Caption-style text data

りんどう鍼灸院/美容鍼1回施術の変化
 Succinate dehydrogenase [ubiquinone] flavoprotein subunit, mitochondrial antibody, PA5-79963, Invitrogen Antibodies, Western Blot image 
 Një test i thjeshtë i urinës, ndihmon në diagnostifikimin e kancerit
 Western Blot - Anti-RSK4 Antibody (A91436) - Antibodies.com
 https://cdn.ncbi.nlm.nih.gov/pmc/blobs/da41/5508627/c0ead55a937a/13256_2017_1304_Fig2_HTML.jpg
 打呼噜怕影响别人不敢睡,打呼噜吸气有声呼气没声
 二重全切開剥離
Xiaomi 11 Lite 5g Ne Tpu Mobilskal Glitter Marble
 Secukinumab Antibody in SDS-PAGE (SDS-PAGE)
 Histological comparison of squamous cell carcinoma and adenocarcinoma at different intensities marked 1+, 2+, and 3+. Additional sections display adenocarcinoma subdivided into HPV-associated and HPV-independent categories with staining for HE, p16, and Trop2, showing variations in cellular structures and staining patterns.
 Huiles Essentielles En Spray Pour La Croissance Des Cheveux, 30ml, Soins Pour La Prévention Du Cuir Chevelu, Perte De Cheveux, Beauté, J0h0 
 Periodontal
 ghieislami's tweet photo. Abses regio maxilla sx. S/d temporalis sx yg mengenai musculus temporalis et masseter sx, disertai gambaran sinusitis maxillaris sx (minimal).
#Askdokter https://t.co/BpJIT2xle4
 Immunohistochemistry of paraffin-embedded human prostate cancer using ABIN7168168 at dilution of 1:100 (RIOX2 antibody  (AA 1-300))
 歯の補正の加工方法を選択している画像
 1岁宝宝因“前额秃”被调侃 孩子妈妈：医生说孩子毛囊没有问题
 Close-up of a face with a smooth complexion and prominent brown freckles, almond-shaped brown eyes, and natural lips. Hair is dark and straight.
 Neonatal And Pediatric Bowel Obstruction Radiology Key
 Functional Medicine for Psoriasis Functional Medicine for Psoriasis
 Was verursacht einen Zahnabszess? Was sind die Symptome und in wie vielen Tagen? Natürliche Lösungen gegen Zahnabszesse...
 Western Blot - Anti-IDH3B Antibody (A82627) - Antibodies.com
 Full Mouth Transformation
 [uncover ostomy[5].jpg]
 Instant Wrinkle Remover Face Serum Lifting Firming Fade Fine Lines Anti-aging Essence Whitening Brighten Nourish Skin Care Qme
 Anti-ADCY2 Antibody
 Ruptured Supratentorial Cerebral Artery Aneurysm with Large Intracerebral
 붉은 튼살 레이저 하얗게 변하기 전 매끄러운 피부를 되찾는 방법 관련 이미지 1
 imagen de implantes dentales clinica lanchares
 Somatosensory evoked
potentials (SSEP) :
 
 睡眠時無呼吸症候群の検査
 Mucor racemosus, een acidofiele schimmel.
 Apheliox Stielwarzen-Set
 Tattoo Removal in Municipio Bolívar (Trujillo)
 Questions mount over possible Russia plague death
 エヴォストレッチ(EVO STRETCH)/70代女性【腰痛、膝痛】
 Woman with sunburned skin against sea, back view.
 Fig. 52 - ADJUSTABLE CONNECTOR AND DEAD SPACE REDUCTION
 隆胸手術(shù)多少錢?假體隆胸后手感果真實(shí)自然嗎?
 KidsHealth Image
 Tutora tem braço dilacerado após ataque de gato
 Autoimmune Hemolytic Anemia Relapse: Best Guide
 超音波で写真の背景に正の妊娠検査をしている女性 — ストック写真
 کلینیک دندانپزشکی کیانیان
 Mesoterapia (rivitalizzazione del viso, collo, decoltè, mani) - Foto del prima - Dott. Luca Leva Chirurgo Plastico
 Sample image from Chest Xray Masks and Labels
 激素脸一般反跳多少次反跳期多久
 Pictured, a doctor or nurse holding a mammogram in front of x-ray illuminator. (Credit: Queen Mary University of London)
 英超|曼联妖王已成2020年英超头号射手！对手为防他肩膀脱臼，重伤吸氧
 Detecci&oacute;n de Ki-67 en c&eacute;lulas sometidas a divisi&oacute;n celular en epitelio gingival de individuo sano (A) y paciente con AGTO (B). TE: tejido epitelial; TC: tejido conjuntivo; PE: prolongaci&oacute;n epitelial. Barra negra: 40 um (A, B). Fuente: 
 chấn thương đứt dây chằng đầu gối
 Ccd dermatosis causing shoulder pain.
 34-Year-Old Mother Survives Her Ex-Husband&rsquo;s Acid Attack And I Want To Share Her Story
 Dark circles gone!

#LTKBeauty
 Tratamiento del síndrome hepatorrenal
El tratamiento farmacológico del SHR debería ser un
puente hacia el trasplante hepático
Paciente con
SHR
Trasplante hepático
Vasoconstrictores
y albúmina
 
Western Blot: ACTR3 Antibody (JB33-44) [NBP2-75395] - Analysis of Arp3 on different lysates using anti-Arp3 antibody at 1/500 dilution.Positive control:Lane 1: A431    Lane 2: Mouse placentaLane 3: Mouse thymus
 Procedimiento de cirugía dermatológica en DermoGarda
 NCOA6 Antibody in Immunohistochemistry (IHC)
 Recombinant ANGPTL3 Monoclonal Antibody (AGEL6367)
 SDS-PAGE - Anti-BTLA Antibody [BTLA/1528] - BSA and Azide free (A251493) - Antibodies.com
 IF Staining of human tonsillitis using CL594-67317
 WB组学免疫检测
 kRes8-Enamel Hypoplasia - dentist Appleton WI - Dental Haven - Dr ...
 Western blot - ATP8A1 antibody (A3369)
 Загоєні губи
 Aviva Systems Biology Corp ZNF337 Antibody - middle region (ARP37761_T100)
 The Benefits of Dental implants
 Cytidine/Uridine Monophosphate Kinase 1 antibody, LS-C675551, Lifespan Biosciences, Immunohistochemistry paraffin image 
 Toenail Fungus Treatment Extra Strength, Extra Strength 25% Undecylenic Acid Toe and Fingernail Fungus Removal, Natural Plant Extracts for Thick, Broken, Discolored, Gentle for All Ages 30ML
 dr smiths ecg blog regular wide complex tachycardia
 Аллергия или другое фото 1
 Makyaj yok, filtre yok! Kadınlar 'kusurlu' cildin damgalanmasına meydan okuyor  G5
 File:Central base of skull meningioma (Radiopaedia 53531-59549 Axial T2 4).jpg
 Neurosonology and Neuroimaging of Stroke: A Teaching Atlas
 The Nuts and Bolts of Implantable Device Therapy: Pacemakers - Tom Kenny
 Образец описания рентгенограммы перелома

> [AIM OF THE EXERCISE]
Take the entries above and return only the lines from the one with "エヴォストレッチ(EVO STRETCH)/70代女性【腰痛、膝痛】" to the one with "puente hacia el trasplante hepático", both included, unchanged.

> [WORKED SOLUTION]
 エヴォストレッチ(EVO STRETCH)/70代女性【腰痛、膝痛】
 Woman with sunburned skin against sea, back view.
 Fig. 52 - ADJUSTABLE CONNECTOR AND DEAD SPACE REDUCTION
 隆胸手術(shù)多少錢?假體隆胸后手感果真實(shí)自然嗎?
 KidsHealth Image
 Tutora tem braço dilacerado após ataque de gato
 Autoimmune Hemolytic Anemia Relapse: Best Guide
 超音波で写真の背景に正の妊娠検査をしている女性 — ストック写真
 کلینیک دندانپزشکی کیانیان
 Mesoterapia (rivitalizzazione del viso, collo, decoltè, mani) - Foto del prima - Dott. Luca Leva Chirurgo Plastico
 Sample image from Chest Xray Masks and Labels
 激素脸一般反跳多少次反跳期多久
 Pictured, a doctor or nurse holding a mammogram in front of x-ray illuminator. (Credit: Queen Mary University of London)
 英超|曼联妖王已成2020年英超头号射手！对手为防他肩膀脱臼，重伤吸氧
 Detecci&oacute;n de Ki-67 en c&eacute;lulas sometidas a divisi&oacute;n celular en epitelio gingival de individuo sano (A) y paciente con AGTO (B). TE: tejido epitelial; TC: tejido conjuntivo; PE: prolongaci&oacute;n epitelial. Barra negra: 40 um (A, B). Fuente: 
 chấn thương đứt dây chằng đầu gối
 Ccd dermatosis causing shoulder pain.
 34-Year-Old Mother Survives Her Ex-Husband&rsquo;s Acid Attack And I Want To Share Her Story
 Dark circles gone!

#LTKBeauty
 Tratamiento del síndrome hepatorrenal
El tratamiento farmacológico del SHR debería ser un
puente hacia el trasplante hepático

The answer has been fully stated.